▶ _Data_
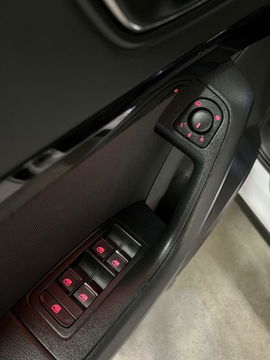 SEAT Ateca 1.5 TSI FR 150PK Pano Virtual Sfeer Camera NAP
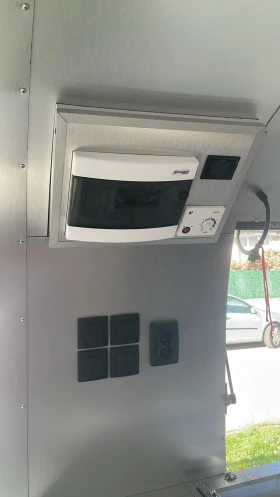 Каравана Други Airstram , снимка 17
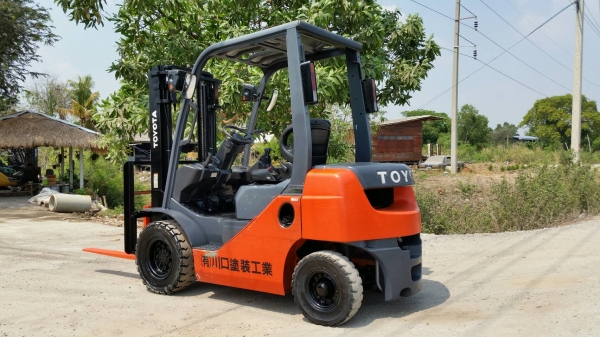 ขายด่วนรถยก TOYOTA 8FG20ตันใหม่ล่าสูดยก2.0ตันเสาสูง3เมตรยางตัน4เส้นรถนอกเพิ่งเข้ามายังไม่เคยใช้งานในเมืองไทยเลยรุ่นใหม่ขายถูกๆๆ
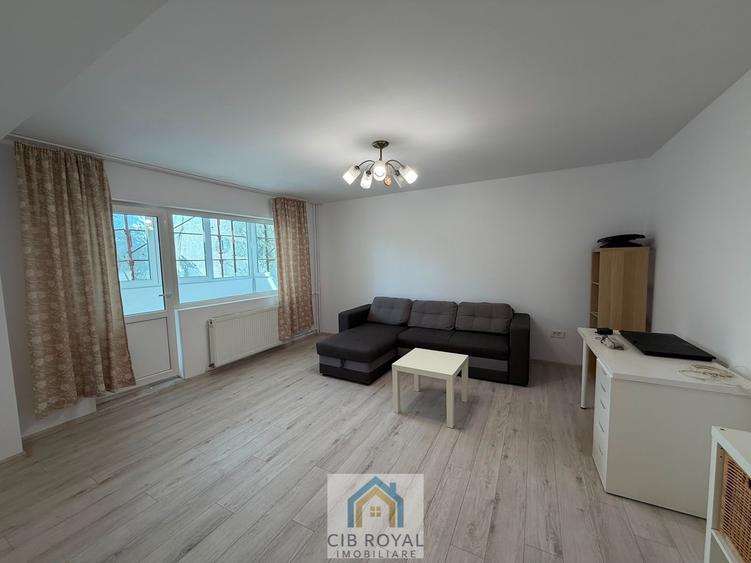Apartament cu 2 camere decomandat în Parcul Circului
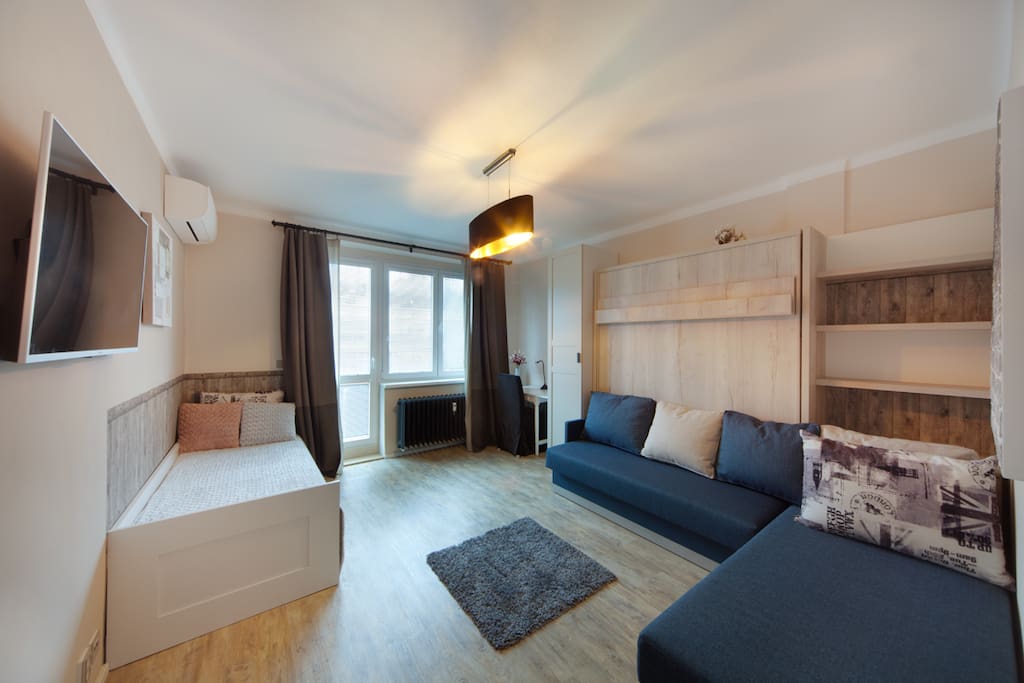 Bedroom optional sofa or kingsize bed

...

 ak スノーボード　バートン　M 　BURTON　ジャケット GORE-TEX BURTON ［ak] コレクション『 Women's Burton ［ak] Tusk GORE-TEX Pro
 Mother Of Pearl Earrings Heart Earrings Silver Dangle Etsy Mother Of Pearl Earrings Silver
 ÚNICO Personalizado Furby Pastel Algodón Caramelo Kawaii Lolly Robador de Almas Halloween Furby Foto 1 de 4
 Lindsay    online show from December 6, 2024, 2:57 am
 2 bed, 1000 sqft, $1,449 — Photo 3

▶ _Task description_
What's needed is an exact copy of the lines above from the one with "Каравана Други Airstram , снимка 17" through the one with "Bedroom optional sofa or kingsize bed", both included; the pictures stay out.

▶ _Solved problem_
 Каравана Други Airstram , снимка 17
 ขายด่วนรถยก TOYOTA 8FG20ตันใหม่ล่าสูดยก2.0ตันเสาสูง3เมตรยางตัน4เส้นรถนอกเพิ่งเข้ามายังไม่เคยใช้งานในเมืองไทยเลยรุ่นใหม่ขายถูกๆๆ
Apartament cu 2 camere decomandat în Parcul Circului
 Bedroom optional sofa or kingsize bed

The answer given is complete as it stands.